米トランプ大統領アジア歴訪の勝者がいるとすれば、トランプ大統領、中国の習近平国家主席、北朝鮮の金正恩氏でもなく、日本の安倍晋三首相だ。

アジア歴訪中の米トランプ大統領(左)と笑顔を見せる安倍首相。(時事通信フォト=写真)

ワシントンDCでは元来アジア太平洋地域への関心は低く、トランプ大統領の環太平洋パートナーシップ協定(TPP)撤退に象徴されるように同地域への積極的関与に及び腰の傾向がある。トランプ大統領を支える共和党関係者の伝統的な外交・安全保障上の関心順位は中東とロシアが高く、前任の民主党政権のオバマ大統領はアジア回帰を打ち出したが、実質的には手を抜いてきた経緯があり、米国の政治でメインテーマになることは少なかった。
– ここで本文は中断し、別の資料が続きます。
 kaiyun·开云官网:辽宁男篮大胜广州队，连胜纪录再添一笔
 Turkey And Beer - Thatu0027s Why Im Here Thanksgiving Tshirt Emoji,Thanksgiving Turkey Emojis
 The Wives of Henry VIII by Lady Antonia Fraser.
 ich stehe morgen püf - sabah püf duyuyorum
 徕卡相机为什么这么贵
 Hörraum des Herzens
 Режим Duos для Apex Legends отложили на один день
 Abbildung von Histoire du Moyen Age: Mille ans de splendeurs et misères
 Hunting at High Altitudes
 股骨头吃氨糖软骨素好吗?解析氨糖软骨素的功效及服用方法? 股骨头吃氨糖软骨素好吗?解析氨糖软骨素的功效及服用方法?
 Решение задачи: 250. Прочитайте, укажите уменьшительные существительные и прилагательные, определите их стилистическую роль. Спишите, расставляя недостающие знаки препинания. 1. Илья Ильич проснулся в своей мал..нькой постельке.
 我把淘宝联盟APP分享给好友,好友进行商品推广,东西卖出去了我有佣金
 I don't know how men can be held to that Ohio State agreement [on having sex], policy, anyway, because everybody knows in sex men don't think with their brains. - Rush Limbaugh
トランプ政権内でもマシュー・ポッティンジャー国家安全保障会議(NSC)アジア上級部長、ウィリアム・ハガティ駐日大使、テリー・ブランスタド駐中大使などの東アジア地域に縁を持つ個別の人事はあったが、国務省・国防総省全体の戦略を描く要職は指名されてこなかった。これには共和党系のアジア太平洋地域に関する外交・安全保障上の専門家の多くが2016年大統領選挙期間中にヒラリー・クリントン氏への投票を促す反トランプ署名に関与したことによる政治的摩擦の存在がある。そのため、トランプ大統領によるアジア・太平洋地域、特に対中政策に関係する政治任用職の指名は最近までほぼ進展を見せてこなかった。
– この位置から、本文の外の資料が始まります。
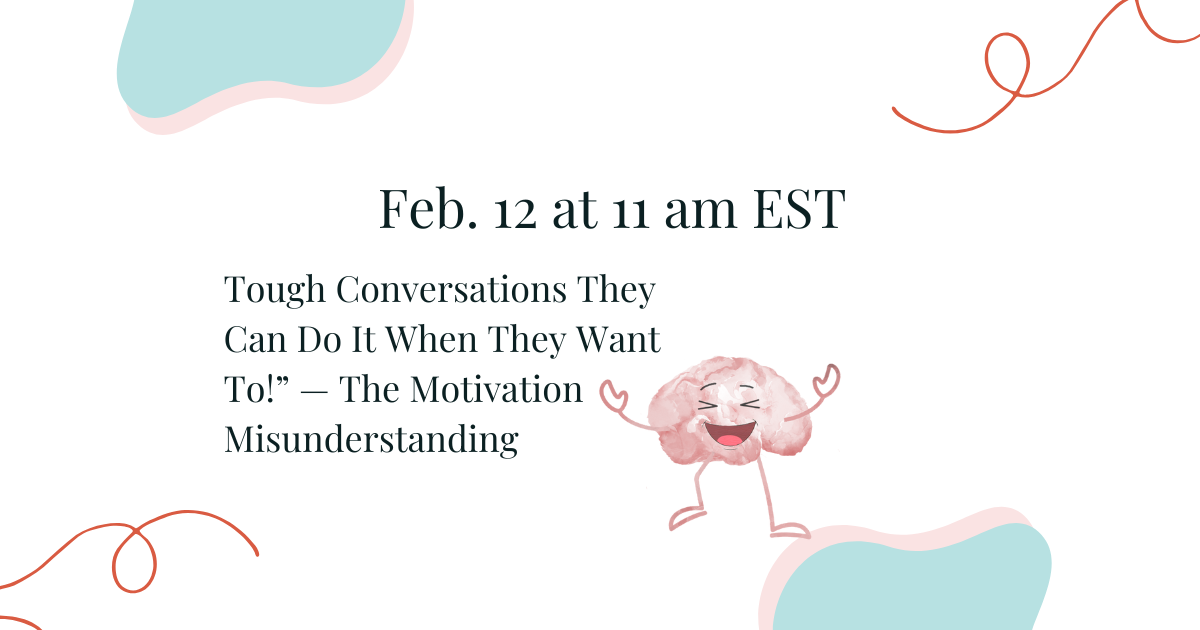 Tough Conversations They Can Do It When They Want To!” — The Motivation Misunderstanding 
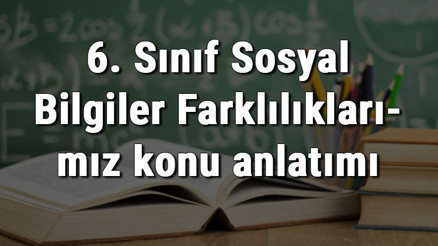 6. Sınıf Sosyal Bilgiler Farklılıklarımız konu anlatımı 6. Sınıf Sosyal Bilgiler Farklılıklarımız konu anlatımı
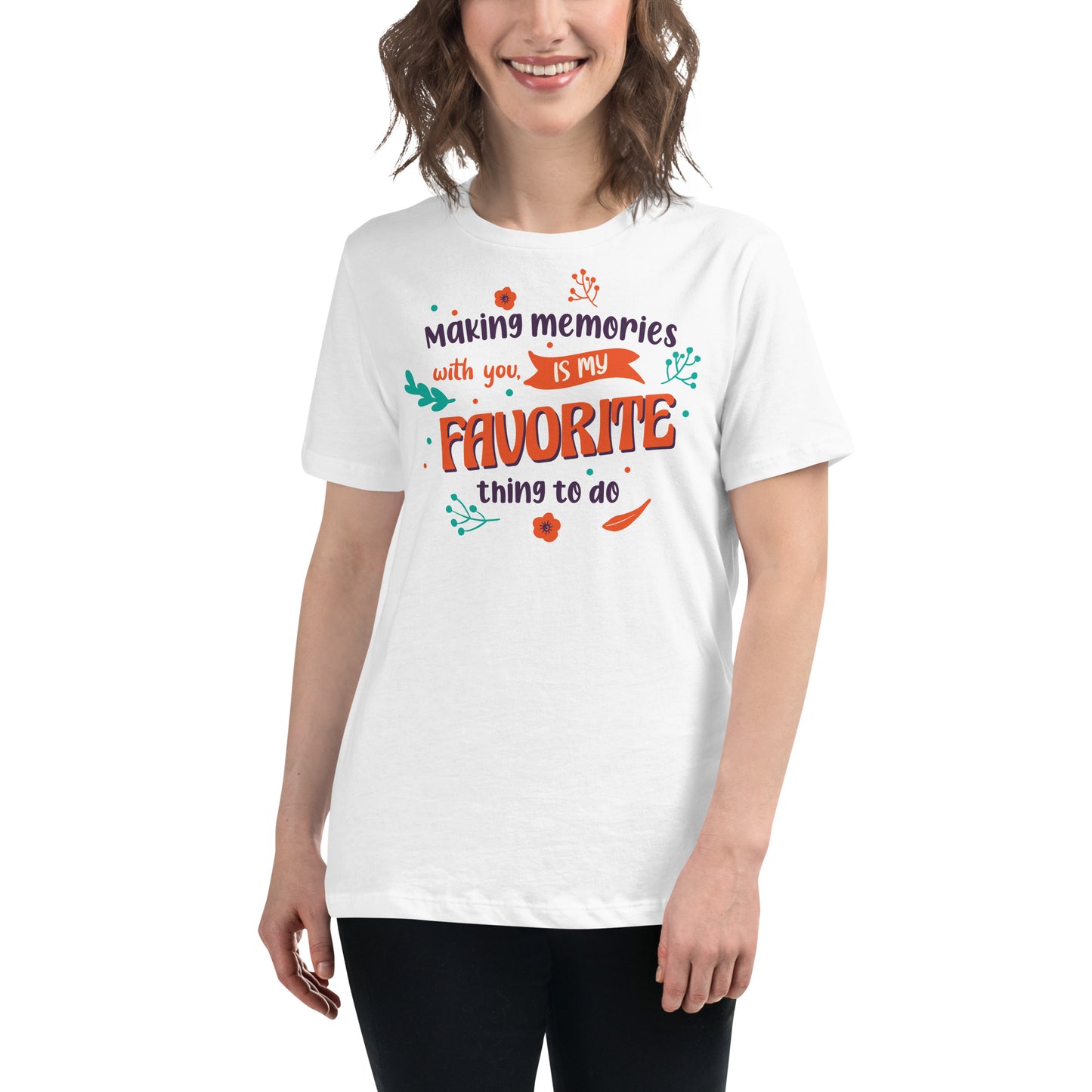 Making Memories With You Is My White Motivational Women’s T-Shirt Lifestyle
しかし、北朝鮮の浅慮な挑発行為は米国の関心をいやでも東アジア地域に引っ張り、特に北朝鮮問題に対しての協力を骨抜きにしてきた中国が米国の外交・安全保障上の脅威であることが認識されるようになってきた。その結果として、米国の対中強硬派の一部識者の間で強く主張されてきたサイバーセキュリティや知的財産権問題の範囲だけではなく、多くの米国政治関係者間で中国の国家戦略そのものへの脅威認識が急速に高まってきた。